On the other hand, it is possible to make the reverse shift, from UV to CV, by Equation (7):

$$\tilde{x}=\frac{x-\overline{x}}{\overline{x}-x_{-}}$$

(7)

where for the factor x, $\tilde{x}$ is the CV, $\overline{x}$ is the average UV, $x_{-}$ the low UV, and $x$ the UV.

In Table 2, the midpoint, namely, test number 17, was added, which is used to validate the identified model. As mentioned, this work aims to evaluate the influence of each factor on the bending angle of the joint of the proposed SPA. DOE makes it possible to minimize the number of tests to be performed and, consequently, the number of TPU reinforcement geometries to be designed and printed. This saves material and time compared to conducting a complete factorial plan. In addition, a predictive model of the bending angle can be directly identified, evaluating the effects of both factors and their interactions. This directly quantifies not only the influences of factors on response but also any interactions that would remain hidden.

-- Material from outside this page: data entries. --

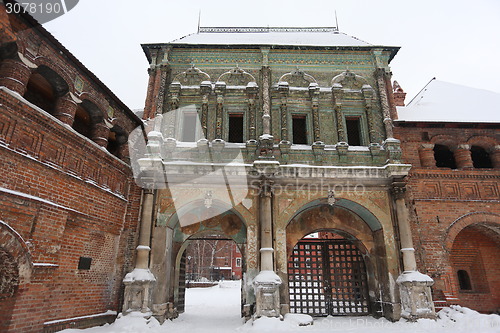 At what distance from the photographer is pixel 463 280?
11.5 m

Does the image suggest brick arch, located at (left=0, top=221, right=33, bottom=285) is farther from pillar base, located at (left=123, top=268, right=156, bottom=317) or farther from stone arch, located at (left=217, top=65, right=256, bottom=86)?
stone arch, located at (left=217, top=65, right=256, bottom=86)

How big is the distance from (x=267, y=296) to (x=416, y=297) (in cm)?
418

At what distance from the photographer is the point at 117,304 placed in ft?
30.6

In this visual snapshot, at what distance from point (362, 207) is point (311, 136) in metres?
2.93

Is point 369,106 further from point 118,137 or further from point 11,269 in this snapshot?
point 11,269

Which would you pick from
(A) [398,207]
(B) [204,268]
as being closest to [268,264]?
(A) [398,207]

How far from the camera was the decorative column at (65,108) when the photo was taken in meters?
7.91

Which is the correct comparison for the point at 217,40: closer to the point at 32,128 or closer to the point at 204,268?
the point at 32,128

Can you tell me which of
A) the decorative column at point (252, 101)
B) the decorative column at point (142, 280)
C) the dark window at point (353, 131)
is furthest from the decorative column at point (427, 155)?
the decorative column at point (142, 280)

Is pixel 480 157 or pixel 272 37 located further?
pixel 272 37

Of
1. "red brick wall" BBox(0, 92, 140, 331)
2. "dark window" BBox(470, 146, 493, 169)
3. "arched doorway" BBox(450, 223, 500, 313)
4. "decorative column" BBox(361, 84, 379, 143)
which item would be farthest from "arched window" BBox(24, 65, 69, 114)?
"dark window" BBox(470, 146, 493, 169)

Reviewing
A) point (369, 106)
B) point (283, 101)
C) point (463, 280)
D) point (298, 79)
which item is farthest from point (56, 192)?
point (463, 280)

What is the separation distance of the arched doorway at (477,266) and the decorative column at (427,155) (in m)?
2.47

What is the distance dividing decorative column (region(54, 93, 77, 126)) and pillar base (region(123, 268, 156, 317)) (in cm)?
438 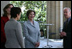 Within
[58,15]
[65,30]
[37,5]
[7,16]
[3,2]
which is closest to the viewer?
[7,16]

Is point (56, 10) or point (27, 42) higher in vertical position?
point (56, 10)

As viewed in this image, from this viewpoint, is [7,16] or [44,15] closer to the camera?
[7,16]

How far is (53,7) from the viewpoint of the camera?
328 inches

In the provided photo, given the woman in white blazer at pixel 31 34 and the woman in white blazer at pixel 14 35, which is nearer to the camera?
the woman in white blazer at pixel 14 35

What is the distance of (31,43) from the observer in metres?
1.98

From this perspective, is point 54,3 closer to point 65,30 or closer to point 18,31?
point 65,30

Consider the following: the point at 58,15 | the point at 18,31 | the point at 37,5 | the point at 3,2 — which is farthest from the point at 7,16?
the point at 37,5

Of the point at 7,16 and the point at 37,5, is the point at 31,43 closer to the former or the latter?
the point at 7,16

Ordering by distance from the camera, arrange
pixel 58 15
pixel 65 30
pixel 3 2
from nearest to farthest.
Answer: pixel 65 30
pixel 3 2
pixel 58 15

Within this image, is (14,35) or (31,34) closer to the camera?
(14,35)

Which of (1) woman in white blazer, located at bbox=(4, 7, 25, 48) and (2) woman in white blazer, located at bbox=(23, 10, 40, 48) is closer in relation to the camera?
(1) woman in white blazer, located at bbox=(4, 7, 25, 48)

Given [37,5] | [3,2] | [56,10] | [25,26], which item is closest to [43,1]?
[37,5]

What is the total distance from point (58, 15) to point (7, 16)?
21.9ft

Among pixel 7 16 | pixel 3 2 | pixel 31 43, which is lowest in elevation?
pixel 31 43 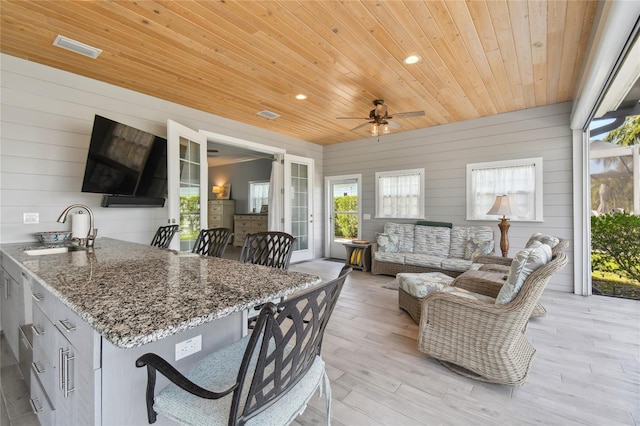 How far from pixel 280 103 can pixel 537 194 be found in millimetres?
4090

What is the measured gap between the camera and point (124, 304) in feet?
3.05

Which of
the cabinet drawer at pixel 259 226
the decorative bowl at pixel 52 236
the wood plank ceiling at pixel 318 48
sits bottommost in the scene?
the cabinet drawer at pixel 259 226

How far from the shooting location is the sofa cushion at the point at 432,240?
4.77 meters

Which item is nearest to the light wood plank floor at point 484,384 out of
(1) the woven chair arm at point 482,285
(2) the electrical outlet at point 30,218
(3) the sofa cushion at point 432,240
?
(1) the woven chair arm at point 482,285

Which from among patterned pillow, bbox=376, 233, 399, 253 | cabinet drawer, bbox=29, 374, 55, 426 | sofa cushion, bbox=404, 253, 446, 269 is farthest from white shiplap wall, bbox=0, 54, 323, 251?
sofa cushion, bbox=404, 253, 446, 269

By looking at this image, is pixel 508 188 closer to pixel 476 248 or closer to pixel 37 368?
pixel 476 248

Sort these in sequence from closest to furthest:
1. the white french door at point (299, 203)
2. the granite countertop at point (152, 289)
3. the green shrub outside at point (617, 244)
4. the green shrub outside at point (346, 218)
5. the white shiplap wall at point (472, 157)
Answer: the granite countertop at point (152, 289) → the green shrub outside at point (617, 244) → the white shiplap wall at point (472, 157) → the white french door at point (299, 203) → the green shrub outside at point (346, 218)

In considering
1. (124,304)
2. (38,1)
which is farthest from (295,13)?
(124,304)

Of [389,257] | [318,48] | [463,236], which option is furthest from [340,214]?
[318,48]

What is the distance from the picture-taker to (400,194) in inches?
223

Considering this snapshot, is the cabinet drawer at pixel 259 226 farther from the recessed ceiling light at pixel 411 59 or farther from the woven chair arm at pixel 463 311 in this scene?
the woven chair arm at pixel 463 311

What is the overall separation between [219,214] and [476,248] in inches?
266

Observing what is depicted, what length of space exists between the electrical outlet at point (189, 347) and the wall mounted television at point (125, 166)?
2.67m

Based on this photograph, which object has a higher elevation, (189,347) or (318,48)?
(318,48)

The simplest factorial plan that can be used is one that tries to fit the system response with a multi-linear model. In this application, a model is sought that can predict the joint bending angles with linear trends concerning each of the chosen factors. The test mode was set for each planned trial by making the correct external TPU reinforcement or setting the pressure value. For each test, an SPA image in the deformed configuration was captured with a 12-Mpixel camera. The latter was placed 1 m from the SPA to limit perspective effects. Each image was analyzed using MATLAB R2023b software to evaluate the bending angle of the joint. Each of the latter consists of six segments, identified by the same values of P, L, R, and Θ. The bending angle chosen as the actual response of each test is the average of the six values obtained, one for each segment. The 16 tests were re-run three times to give statistical validity to the methodology. A total of 48 tests were performed. Test number 17 is the midpoint used as a checkpoint to verify the error between the angle predicted by the model and the experimental bending angle. Figure 3 shows the results of the SPA deformations for each of the tests conducted.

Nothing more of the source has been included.